Presque tous les esprits errent autour de la chose qu’ils
veulent exprimer, sans aller jusqu’à elle, ou sans l’entamer entière. De là
vient peut-être qu’en matière d’esprit, on a nommé sublime ce qui n’est que cet
excellent vrai toujours manqué.
Marivaux.
Commentaire I
Le sublime : paradoxalement, c’est quand nous
échouons à le penser, que nous paraissons l’être. Bizarre.

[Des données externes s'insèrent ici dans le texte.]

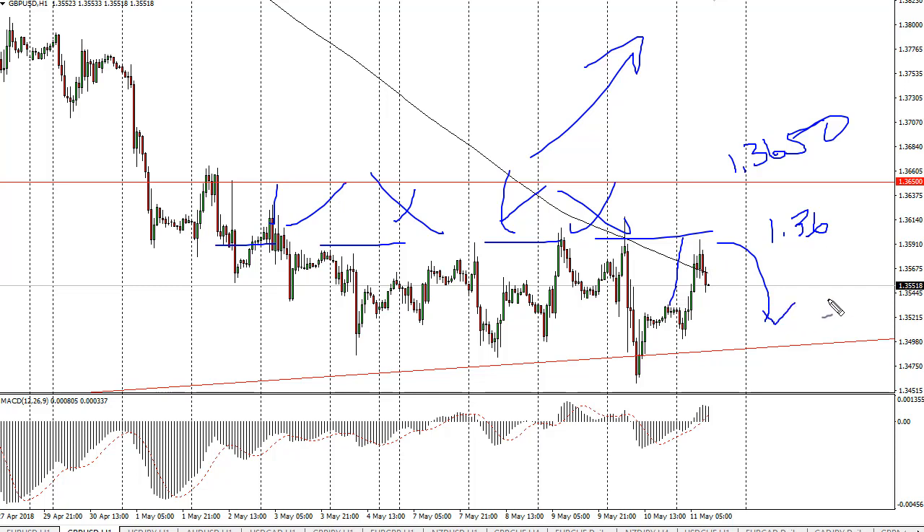The one thing I would say is we had held the uptrend line, and that's a very important thing. The weekly candle was a bit of a hammer.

Selon Marivaux, le sublime, c’est le manqué de l’esprit. C’est-à-dire cet au-delà de notre propos, ou
de notre écrit, qui projette son ombre dessus et qui nous fait dire « c’est
sublime ! »
Philosophes abscons ou poètes obscurs, ils ont tous profité
de cette disposition pour attirer les louanges sur leurs œuvres. Comme le
disait Nietzsche, « ils ont troublé
leurs eaux pour qu’elles paraissent profondes ».
On devine que ce n’est pas là ce que Marivaux veut dire.
Selon lui, c’est dans l’effort authentique pour dire l’indicible que le sublime
est atteint – ou plutôt est supposé atteint.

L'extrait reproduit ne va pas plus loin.